For other ideas: The most useful thing for me is the association between pages and WikiProjects. That information is the backbone of the other WikiProject X reports. What I am wondering, though, is if this extension could be used to generate the reports directly. I don't think it would be sensible to bake these reports directly into the extension, but rather, a generic framework for producing reports based on the data.

Some approaches to reports:

Intersections between the WikiProject table and a category (WikiProject Chemistry pages in need of Expert Attention, for example)
Subsets of a WikiProject table (all WikiProject Chemistry pages missing quality assessments, or for showcasing jobs well done, all the WikiProject Chemistry articles that are featured articles)

Building report generation function directly into this extension helps make it easier for others to do it; currently if you want a report, you have to either (a) know that wikiproject.json exists and you can edit it or (b) get me to do it, and that's for the specific set of reports my tools make available.
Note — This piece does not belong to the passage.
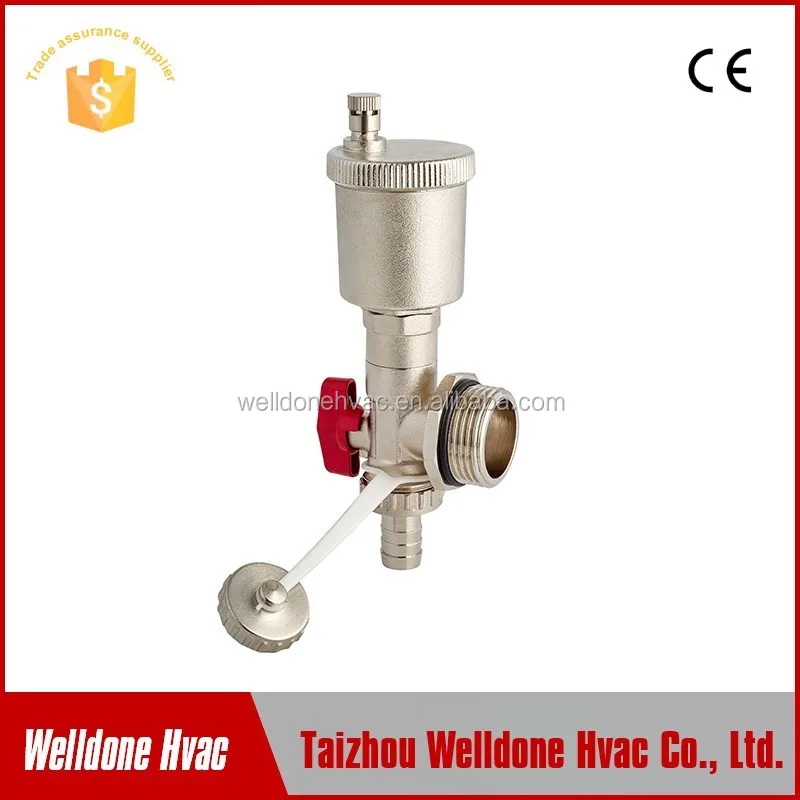 Давление/вакуум предохранительный клапан и давление воздуха снижения вентиляционные клапаны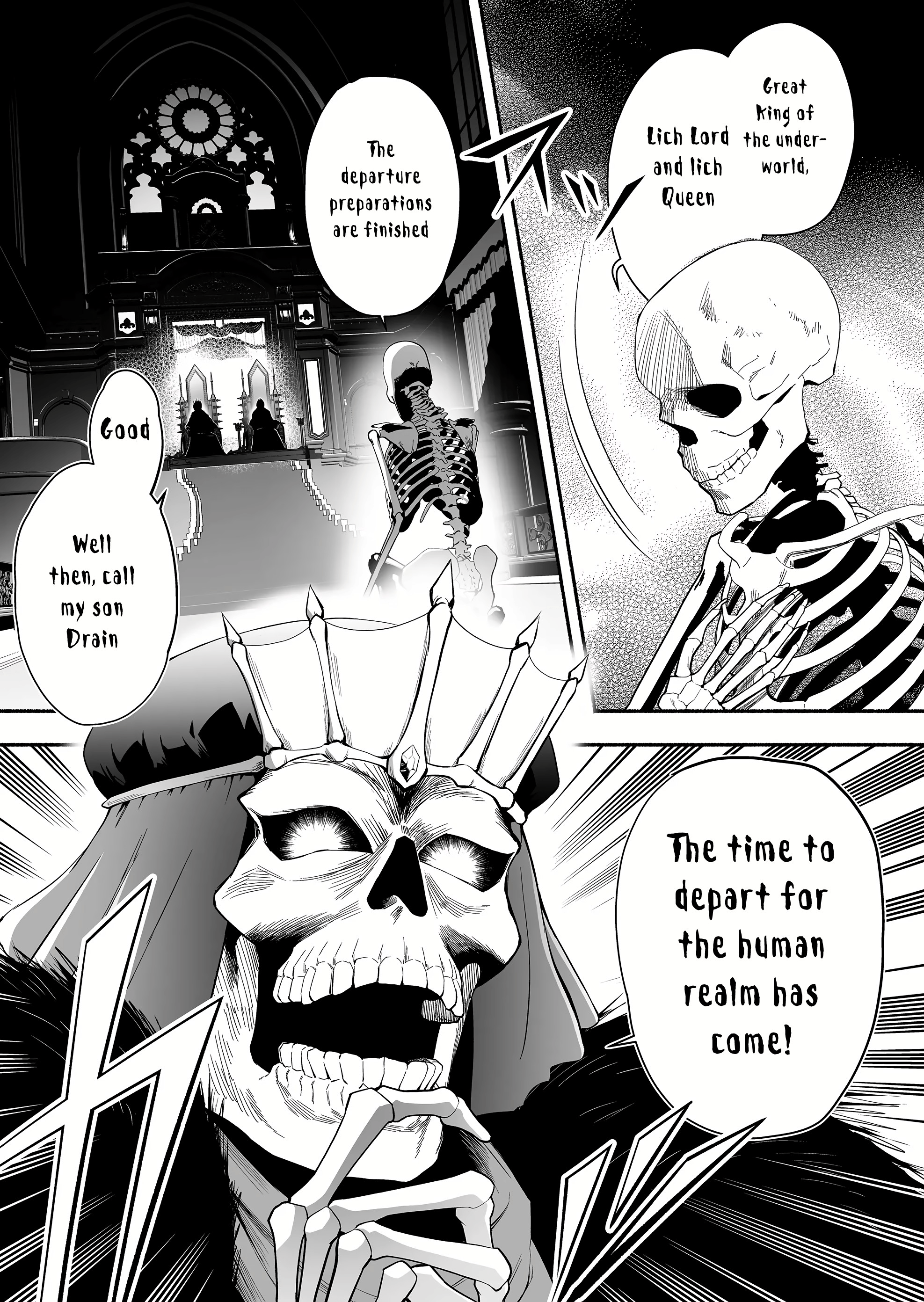 Unique Skill “Slave Encyclopedia” Chapter 1 - Page 2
Building in report generation also helps this extension realize its potential as an editorial curation tool; not only is the information stored, it can be analyzed and presented in meaningful ways.
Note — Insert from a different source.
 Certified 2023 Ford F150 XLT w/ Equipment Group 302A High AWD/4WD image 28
Harej mentioned this in T105747: Enable the listing of content pages from Special:RecentChangesLinked when the associated talk page is linked..Dec 3 2015, 9:40 AM

Niharika added a parent task: T120219: PageAssessments deployment to WMF wikis.Dec 3 2015, 3:04 PM

Slaporte awarded a token.Dec 3 2015, 6:16 PM

@Harej: One of the things we're talking about adding to this extension is an API for querying the data (T119997). That should make report generation a lot easier. We're hoping that the community will use this API to generate a wide variety of different reports. Your input on what types of queries it should support would be useful. So far, we only have 2 use cases listed: Returning all the assessment data for an article, and returning all the assessments for a WikiProject.

He7d3r awarded a token.Dec 6 2015, 12:22 PM

He7d3r subscribed.

Consider also allowing people to add (optionally) the reason (a short text) why they think an article must have assessment X instead of Y.

@He7d3r: That's not a bad idea, although our current plan is to piggyback on the existing assessment templates, which don't have such a parameter (at least on English and French Wikipedias).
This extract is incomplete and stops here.